The government of the Lazio region, which hosts the Italian capital, is about to approve a law that will be voted on next week that would make 50 movie theaters, including Rome’s many historic and abandoned cinemas, vulnerable to new development and to becoming commercial properties. IndieWire understands that Italian real estate is already looking at these locations to potentially convert them in anticipation of the vote. Over 500 filmmakers have signed an appeal in the Italian press, including Venice Film Festival director Alberto Barbera, asking to preserve these spaces. Italy’s own top soccer player and former AS Roma captain Francesco Totti has also spoken out strongly in opposition to the forthcoming vote.

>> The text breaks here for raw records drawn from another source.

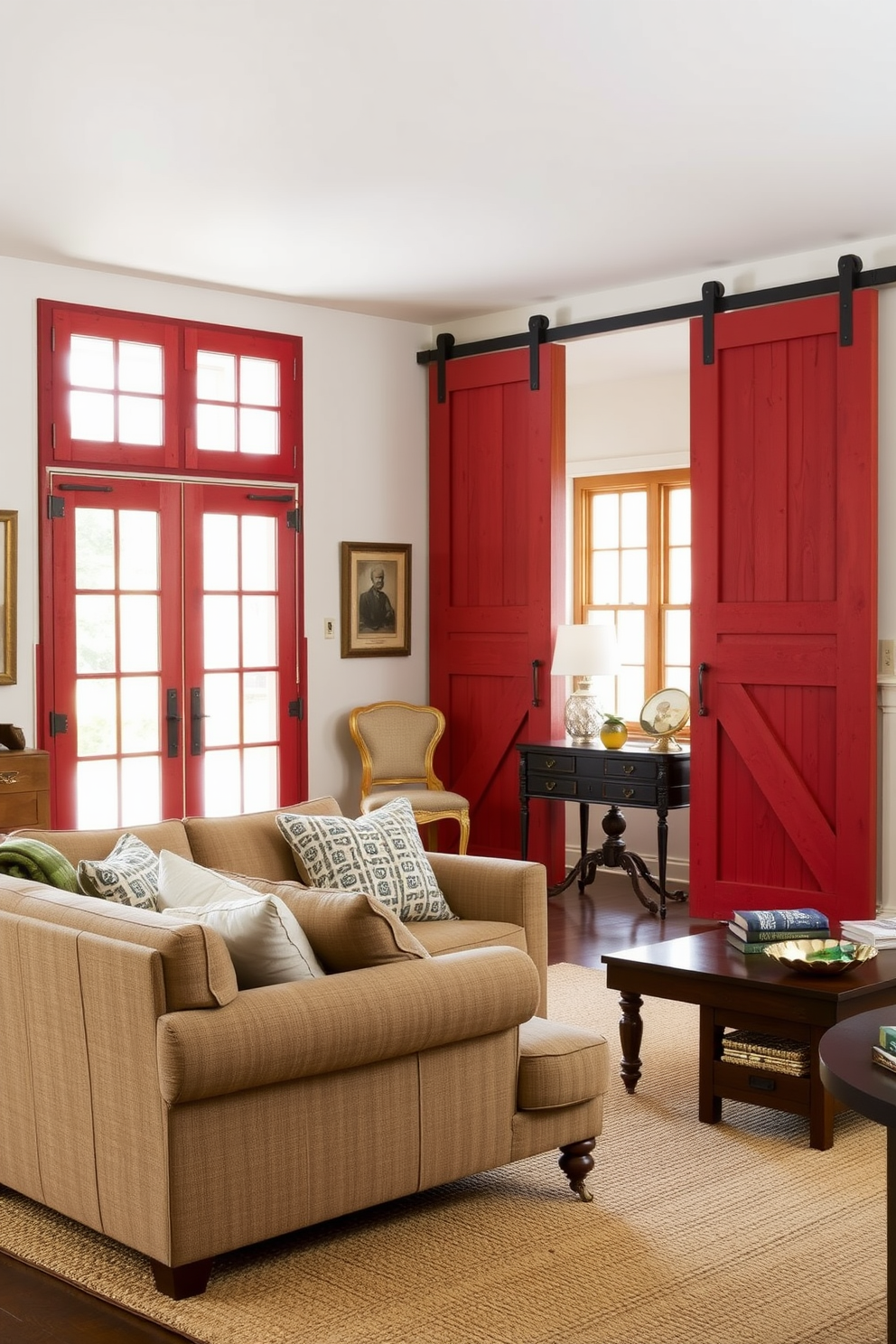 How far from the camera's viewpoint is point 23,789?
237 inches

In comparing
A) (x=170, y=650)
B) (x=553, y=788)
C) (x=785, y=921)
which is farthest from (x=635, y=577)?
(x=785, y=921)

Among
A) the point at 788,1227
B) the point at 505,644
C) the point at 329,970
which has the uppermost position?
the point at 505,644

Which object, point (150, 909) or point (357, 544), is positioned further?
point (357, 544)

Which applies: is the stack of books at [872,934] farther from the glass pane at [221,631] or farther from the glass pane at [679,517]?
the glass pane at [679,517]

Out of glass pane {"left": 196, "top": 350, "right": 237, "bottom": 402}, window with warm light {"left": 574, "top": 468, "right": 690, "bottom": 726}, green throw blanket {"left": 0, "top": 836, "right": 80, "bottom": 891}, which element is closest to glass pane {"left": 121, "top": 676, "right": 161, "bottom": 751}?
glass pane {"left": 196, "top": 350, "right": 237, "bottom": 402}

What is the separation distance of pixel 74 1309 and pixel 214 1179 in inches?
15.0

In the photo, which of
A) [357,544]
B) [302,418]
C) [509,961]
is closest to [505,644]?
[357,544]

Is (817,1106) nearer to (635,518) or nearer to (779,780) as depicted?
(779,780)

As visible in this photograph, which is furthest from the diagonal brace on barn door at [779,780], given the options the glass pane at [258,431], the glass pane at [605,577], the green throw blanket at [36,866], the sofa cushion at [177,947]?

Here’s what Scorsese had to say in a statement shared with IndieWire: “As Renzo Piano eloquently reflects on the current situation in Rome, it is clear that the attempt to repurpose spaces intended for the possible cultural renaissance of the Eternal City into hotels, shopping centers, and supermarkets is utterly unacceptable. Such a transformation would represent an irrevocable loss: a profound sacrilege not only to the city’s rich history but also to the cultural legacy for the future generations. We call upon our colleagues across the globe, festival directors and all the cultural operators to sign this letter to save the last chance for redemption of one of the most important cultural and artistic cities worldwide. This letter is also personally addressed to President Sergio Mattarella and Prime Minister Giorgia Meloni to prevent any conversion of the cultural spaces in Rome. It’s our duty to transform these abandoned ‘cathedrals in the desert’ into true temples of culture, places capable of nourishing the souls of both present and future generations.”

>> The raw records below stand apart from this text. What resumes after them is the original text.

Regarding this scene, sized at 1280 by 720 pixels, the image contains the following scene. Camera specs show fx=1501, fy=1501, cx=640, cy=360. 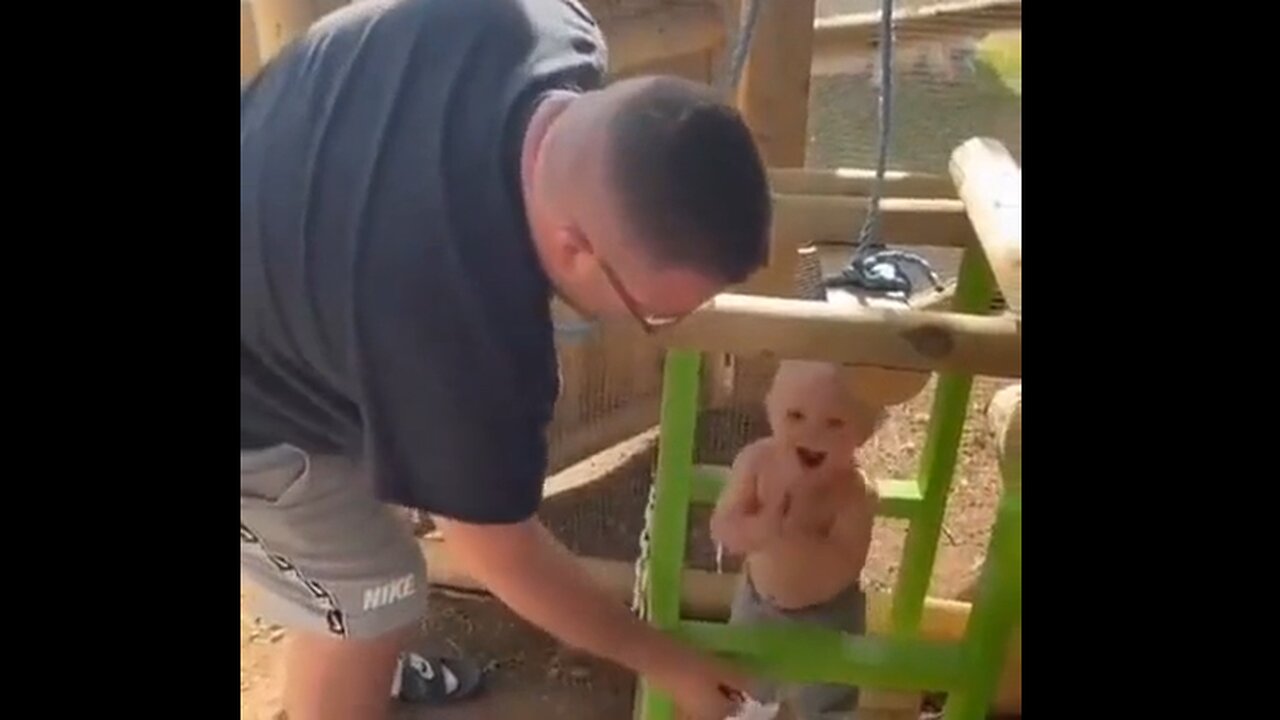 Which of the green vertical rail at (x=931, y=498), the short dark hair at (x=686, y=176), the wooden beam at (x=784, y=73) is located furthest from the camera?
the green vertical rail at (x=931, y=498)

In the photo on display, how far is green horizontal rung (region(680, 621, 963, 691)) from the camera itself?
1.76 ft

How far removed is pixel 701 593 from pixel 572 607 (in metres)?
0.11

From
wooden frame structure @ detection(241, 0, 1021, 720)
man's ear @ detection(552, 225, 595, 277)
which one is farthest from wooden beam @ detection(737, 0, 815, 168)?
man's ear @ detection(552, 225, 595, 277)

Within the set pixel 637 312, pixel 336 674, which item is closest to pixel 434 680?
pixel 336 674

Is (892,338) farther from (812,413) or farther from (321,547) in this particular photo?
(321,547)

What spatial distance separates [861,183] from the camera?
0.55m

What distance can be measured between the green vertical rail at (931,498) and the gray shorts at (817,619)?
2.0 inches

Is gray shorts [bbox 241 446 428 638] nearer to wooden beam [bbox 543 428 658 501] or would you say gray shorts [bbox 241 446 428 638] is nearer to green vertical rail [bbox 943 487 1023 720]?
wooden beam [bbox 543 428 658 501]

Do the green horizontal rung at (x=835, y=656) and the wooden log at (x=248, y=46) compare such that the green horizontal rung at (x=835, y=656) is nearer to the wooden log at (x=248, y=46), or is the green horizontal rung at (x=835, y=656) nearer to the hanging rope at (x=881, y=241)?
the hanging rope at (x=881, y=241)

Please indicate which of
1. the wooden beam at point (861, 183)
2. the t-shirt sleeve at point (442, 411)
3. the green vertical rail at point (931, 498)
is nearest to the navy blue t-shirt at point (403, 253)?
the t-shirt sleeve at point (442, 411)

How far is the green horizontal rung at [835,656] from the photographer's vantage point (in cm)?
54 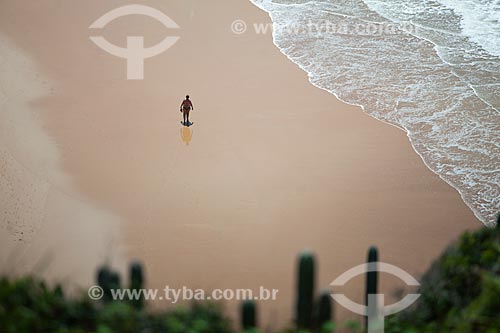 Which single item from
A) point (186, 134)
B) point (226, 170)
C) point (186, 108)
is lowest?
point (226, 170)

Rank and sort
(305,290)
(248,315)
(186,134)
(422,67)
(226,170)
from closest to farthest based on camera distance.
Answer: (248,315) → (305,290) → (226,170) → (186,134) → (422,67)

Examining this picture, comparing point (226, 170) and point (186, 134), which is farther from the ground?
point (186, 134)

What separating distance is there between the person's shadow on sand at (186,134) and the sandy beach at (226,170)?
2 centimetres

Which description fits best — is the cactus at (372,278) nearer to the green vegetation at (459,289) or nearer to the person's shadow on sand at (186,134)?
the green vegetation at (459,289)

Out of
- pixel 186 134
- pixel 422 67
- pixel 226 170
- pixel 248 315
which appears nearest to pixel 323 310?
pixel 248 315

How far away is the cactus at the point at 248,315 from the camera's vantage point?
4.56 m

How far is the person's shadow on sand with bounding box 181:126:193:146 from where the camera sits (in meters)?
10.3

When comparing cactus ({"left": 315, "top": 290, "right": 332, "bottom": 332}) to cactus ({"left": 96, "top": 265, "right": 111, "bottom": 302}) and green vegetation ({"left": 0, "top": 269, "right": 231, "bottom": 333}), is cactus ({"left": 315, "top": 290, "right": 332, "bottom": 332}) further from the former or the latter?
cactus ({"left": 96, "top": 265, "right": 111, "bottom": 302})

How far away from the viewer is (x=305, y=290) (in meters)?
4.70

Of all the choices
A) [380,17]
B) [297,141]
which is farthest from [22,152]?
[380,17]

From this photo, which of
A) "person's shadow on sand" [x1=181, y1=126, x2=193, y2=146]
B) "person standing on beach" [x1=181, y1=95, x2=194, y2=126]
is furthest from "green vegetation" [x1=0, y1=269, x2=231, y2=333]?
"person standing on beach" [x1=181, y1=95, x2=194, y2=126]

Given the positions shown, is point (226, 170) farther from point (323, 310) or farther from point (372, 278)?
point (323, 310)

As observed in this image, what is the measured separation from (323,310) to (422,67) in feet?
31.9

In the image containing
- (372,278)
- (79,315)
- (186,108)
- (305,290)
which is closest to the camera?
(79,315) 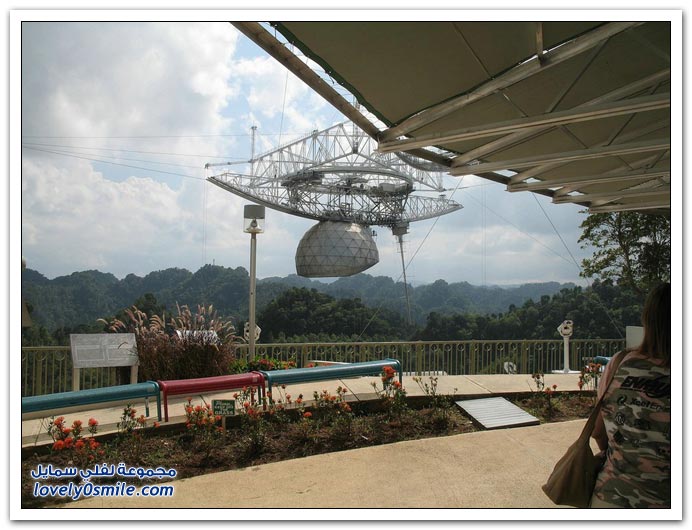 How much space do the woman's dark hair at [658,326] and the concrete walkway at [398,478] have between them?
2095 mm

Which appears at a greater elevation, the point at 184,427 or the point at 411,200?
the point at 411,200

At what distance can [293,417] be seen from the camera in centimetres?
576

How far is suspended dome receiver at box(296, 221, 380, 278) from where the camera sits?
33178 millimetres

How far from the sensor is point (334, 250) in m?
33.5

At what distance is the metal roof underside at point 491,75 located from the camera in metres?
3.77

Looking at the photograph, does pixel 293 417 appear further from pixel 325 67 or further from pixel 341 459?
pixel 325 67

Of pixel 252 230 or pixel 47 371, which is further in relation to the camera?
pixel 252 230

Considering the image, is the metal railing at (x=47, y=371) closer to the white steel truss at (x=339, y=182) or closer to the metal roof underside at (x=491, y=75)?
the metal roof underside at (x=491, y=75)

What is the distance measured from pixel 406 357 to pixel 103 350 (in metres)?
6.64

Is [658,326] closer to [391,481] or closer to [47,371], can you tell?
[391,481]

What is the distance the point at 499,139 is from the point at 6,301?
17.1ft

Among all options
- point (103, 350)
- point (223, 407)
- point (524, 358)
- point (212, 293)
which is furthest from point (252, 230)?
point (212, 293) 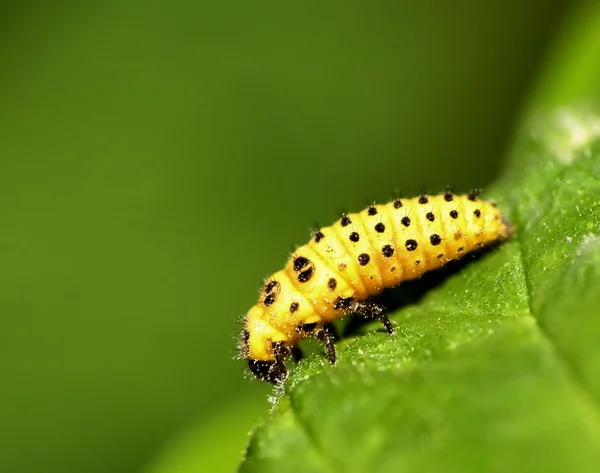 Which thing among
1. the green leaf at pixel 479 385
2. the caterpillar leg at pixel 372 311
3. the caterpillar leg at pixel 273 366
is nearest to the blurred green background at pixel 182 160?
the caterpillar leg at pixel 273 366

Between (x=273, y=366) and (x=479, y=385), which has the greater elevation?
(x=273, y=366)

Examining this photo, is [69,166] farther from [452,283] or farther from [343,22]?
[452,283]

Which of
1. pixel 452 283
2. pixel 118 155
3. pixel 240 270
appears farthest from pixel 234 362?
pixel 452 283

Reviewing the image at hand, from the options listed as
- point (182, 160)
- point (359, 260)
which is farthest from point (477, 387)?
point (182, 160)

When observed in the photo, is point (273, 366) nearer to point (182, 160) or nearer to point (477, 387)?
point (477, 387)

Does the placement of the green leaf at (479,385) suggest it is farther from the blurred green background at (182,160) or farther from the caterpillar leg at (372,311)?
the blurred green background at (182,160)

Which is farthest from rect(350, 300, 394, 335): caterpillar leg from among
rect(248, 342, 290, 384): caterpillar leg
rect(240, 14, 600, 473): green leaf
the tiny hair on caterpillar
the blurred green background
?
the blurred green background

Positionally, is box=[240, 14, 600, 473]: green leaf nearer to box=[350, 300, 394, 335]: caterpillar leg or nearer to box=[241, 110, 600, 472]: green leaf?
box=[241, 110, 600, 472]: green leaf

IndieWire has been in touch with the leaders of Piccolo America, which runs both Rome’s largest open-air film festival and the Cinema Troisi, a single-screen theater in Rome that plays 24 hours a day. They are asking for more signatures to be sent to protect parks and historic venues in Rome. You can write to valerio.carocci@piccoloamerica.it, “whether because you love Rome and maybe have walked the parks and places of our Il Cinema in Piazza or because you have visited the Cinema Troisi of the Piccolo America in Rome,” Carocci said.

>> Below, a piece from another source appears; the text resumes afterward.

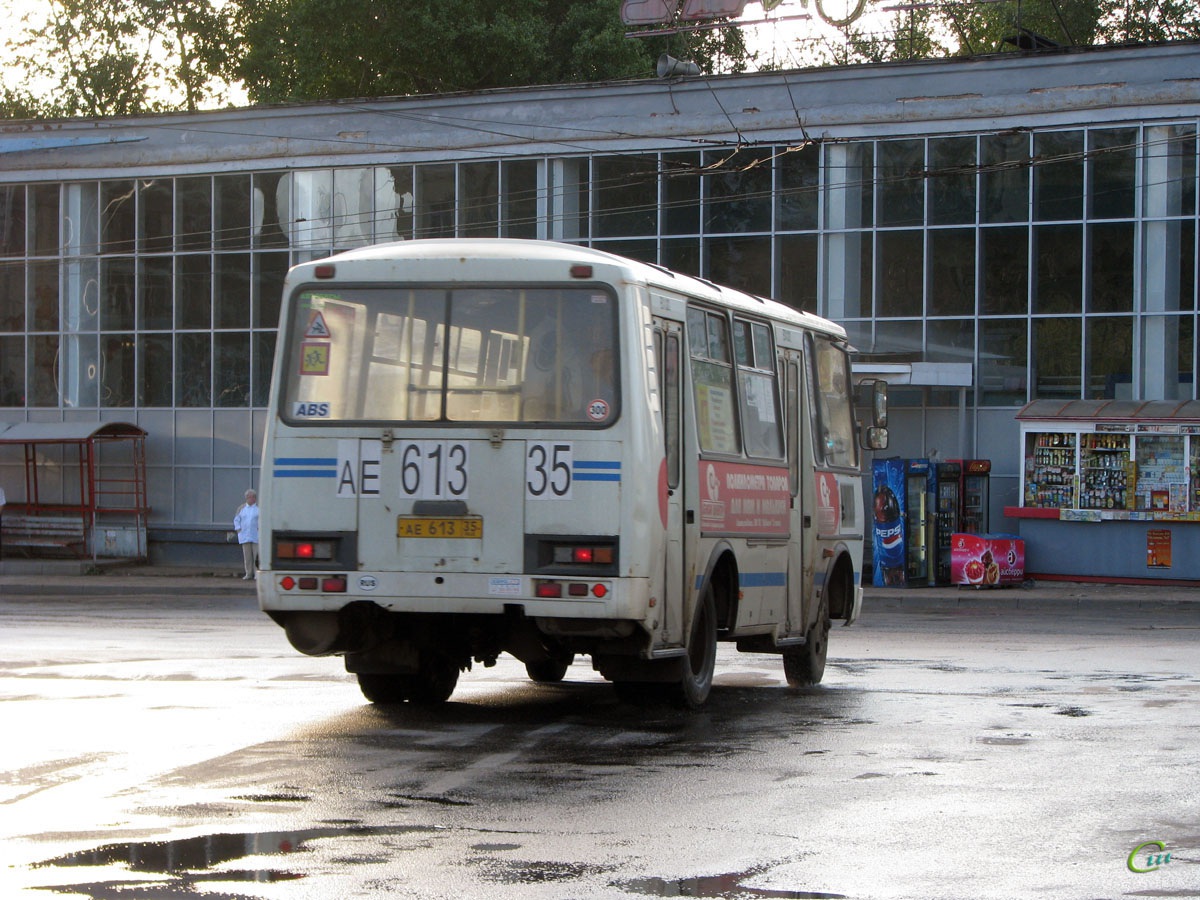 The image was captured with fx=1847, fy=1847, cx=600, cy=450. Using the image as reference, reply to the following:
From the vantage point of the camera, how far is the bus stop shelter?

“As Renzo Piano wrote, and I subscribe after spending three months around Paris and Marseilles studying its cultural offerings, we believe that these cultural spaces can evolve like the ‘Tiers-Lieux’ that I had the pleasure of experiencing in France. Each of these can certainly return to being a cinema, but the important thing is that they reopen as places of culture and education, temples to nourish the soul and creativity… If we save these places from conversion into commercial centers, there may be the dawn of a new world in Rome; a cultural renaissance that Italy needs. We ask for help from all over the world for the city where we were born and raised.”